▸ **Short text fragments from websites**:
+++
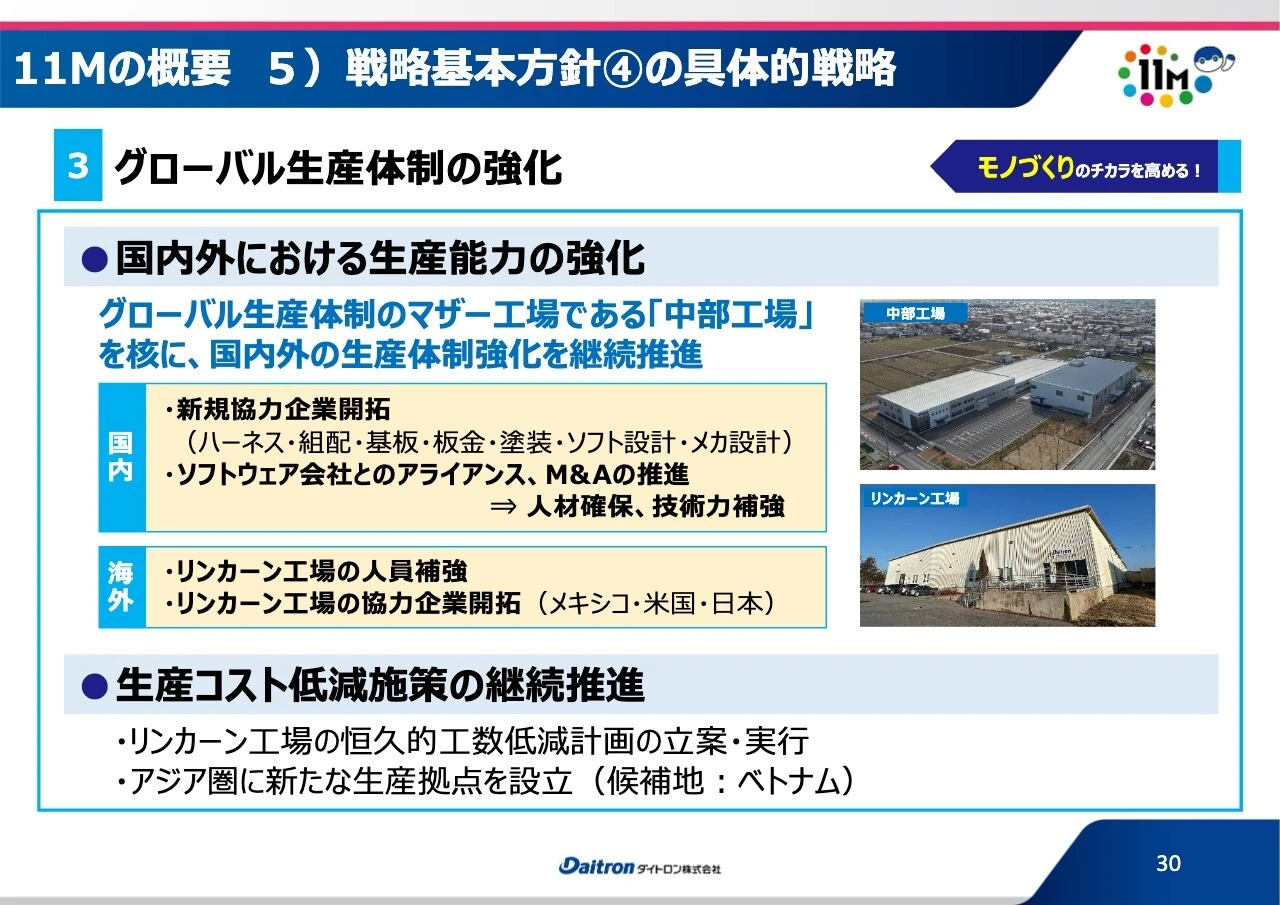 11Mの概要5）戦略基本方針④の具体的戦略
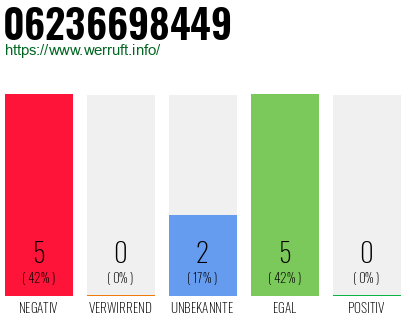 Rufnummer 06236698449 Telefonnummer 06236698449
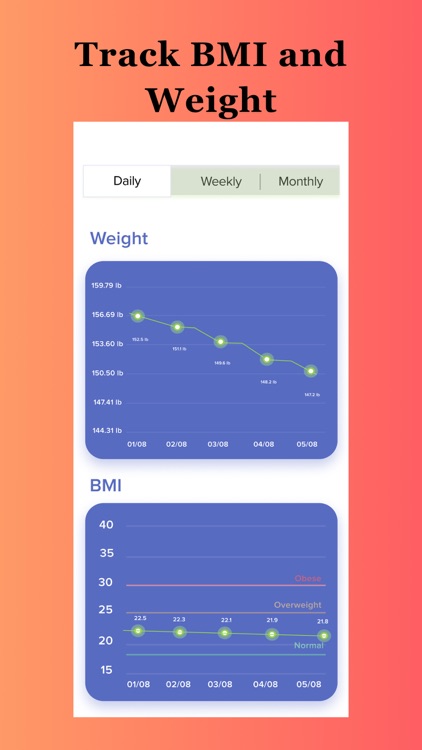 LoseDaFat: Healthy Weight Loss screenshot-4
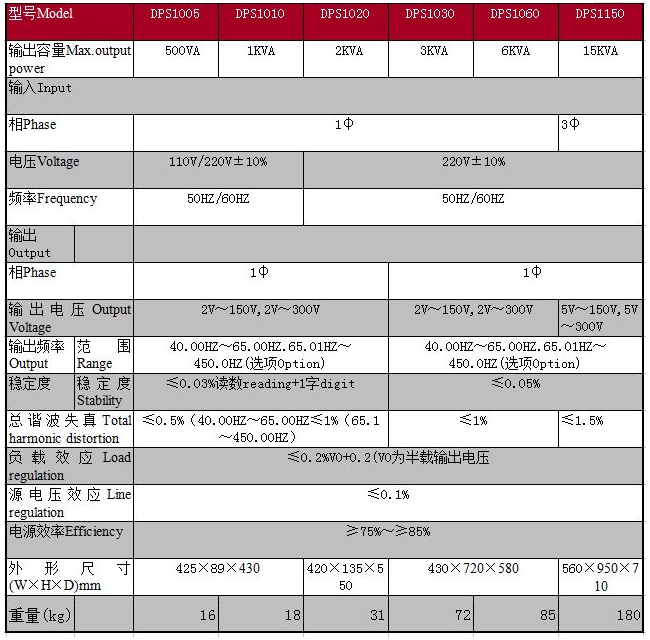DPS系列智能交流测试专用电源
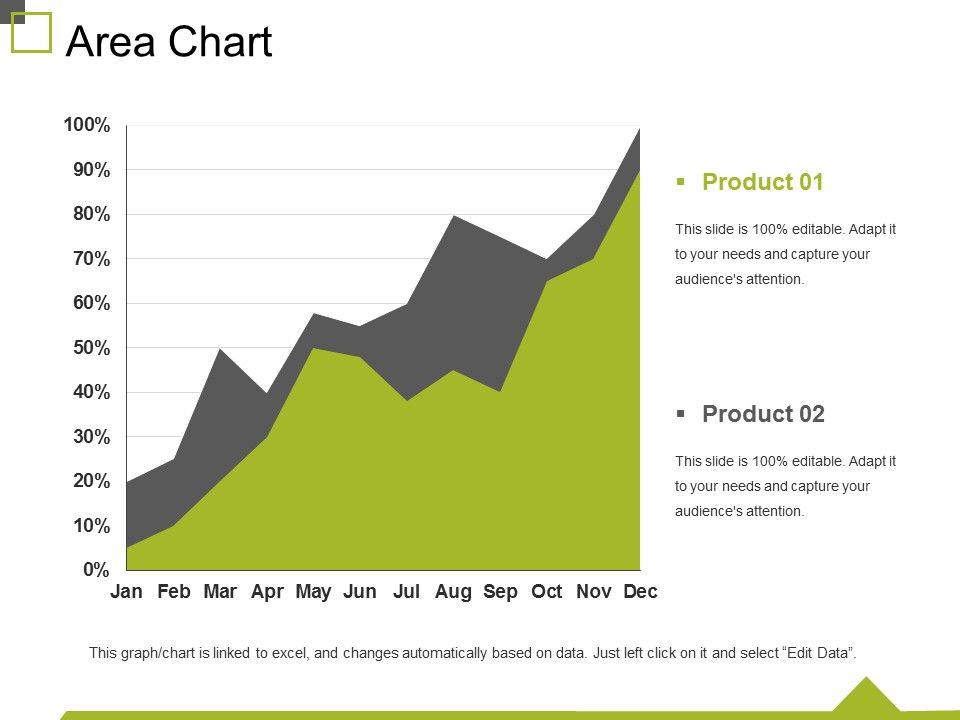 Area_Chart_Ppt_PowerPoint_Presentation_Outline_Inspiration_Slide_1.jpg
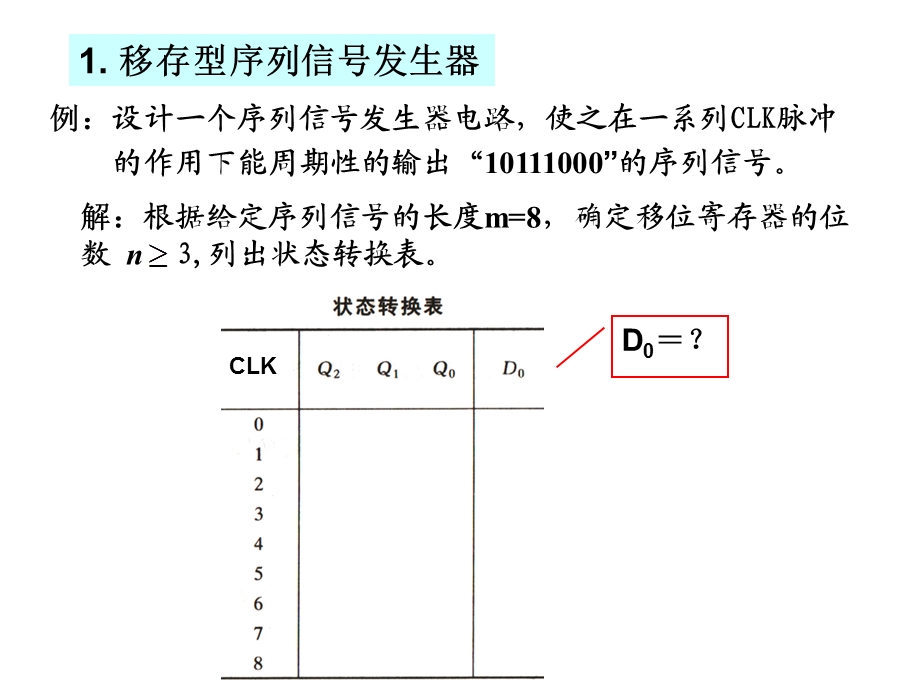 数字信号课件第六章.ppt_第2页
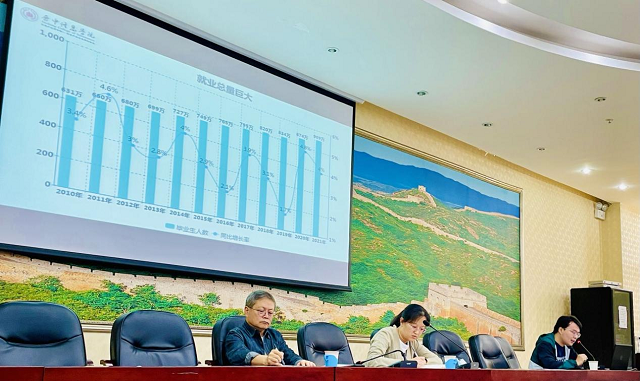 我校召开2022届毕业生就业创业工作部署会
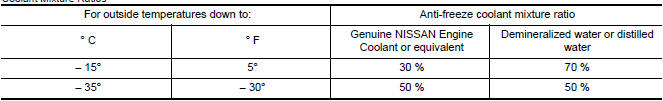 Nissan Maxima. Coolant Mixture Ratios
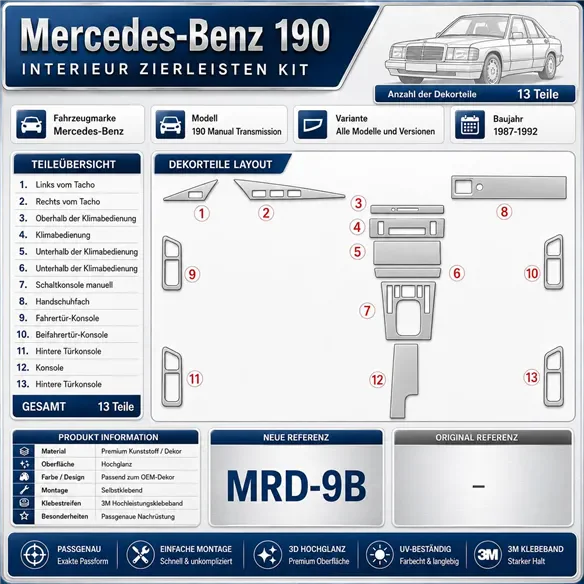 Mercedes Benz 190 1987-1992 Full Set, Manual Gear Box 3D dashboard trim kit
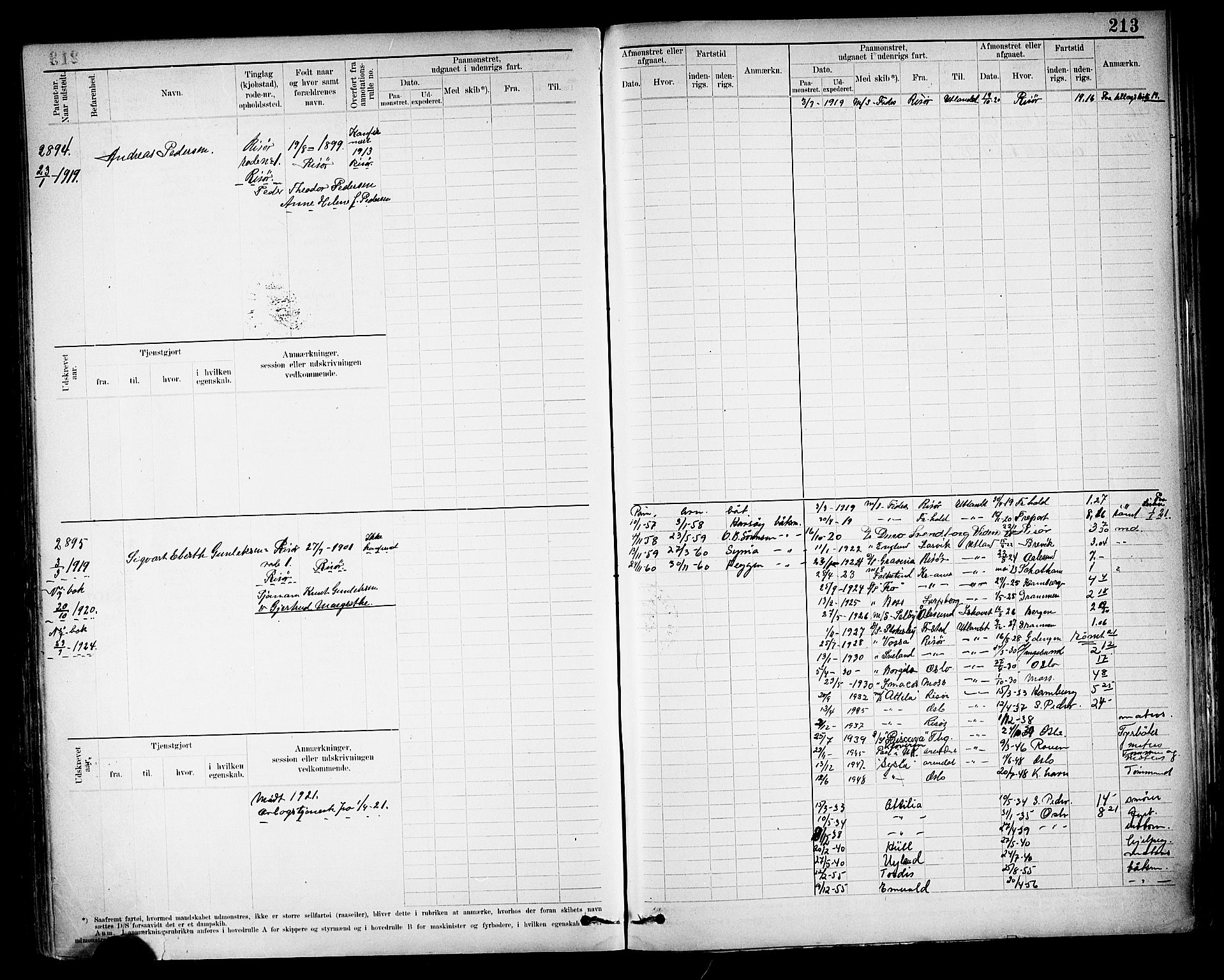 Risør mønstringskrets, AV/SAK-2031-0010/F/Fb/L0013: Hovedrulle nr 2475-3063, T-12, 1904-1928, p. 232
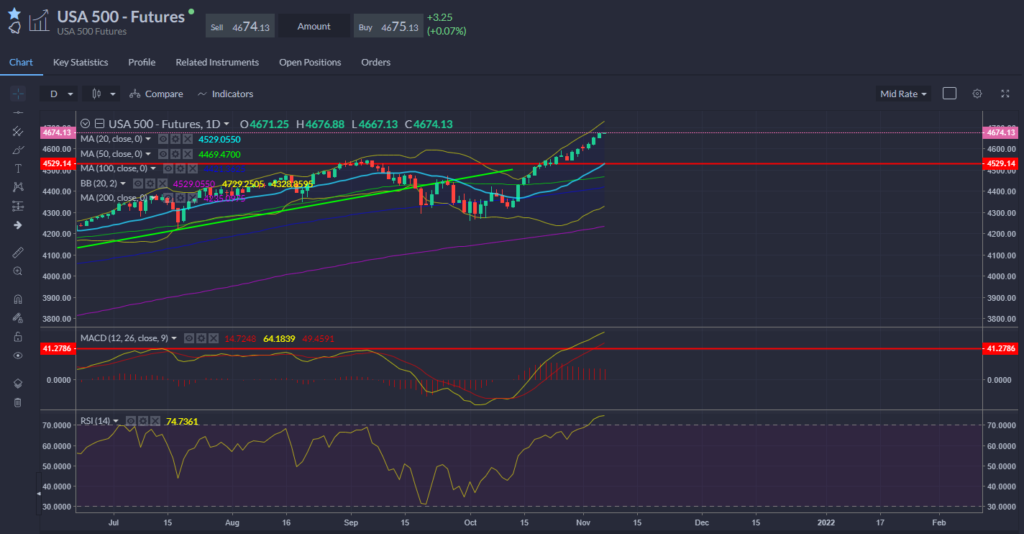S&P Chart 05.11.2021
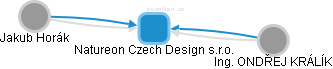 Natureon Czech Design s.r.o. - obrázek vizuálního zobrazení vztahů obchodního rejstříku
+++
▸ **Task requirements**: Copy exactly, please, every line from the one holding "Risør mønstringskrets, AV/SAK-2031-0010/F/Fb/L0013: Hovedrulle" through the last line of the data, both ends included, and no pictures.

▸ **Response for this exercise**:
 Risør mønstringskrets, AV/SAK-2031-0010/F/Fb/L0013: Hovedrulle nr 2475-3063, T-12, 1904-1928, p. 232
S&P Chart 05.11.2021
 Natureon Czech Design s.r.o. - obrázek vizuálního zobrazení vztahů obchodního rejstříku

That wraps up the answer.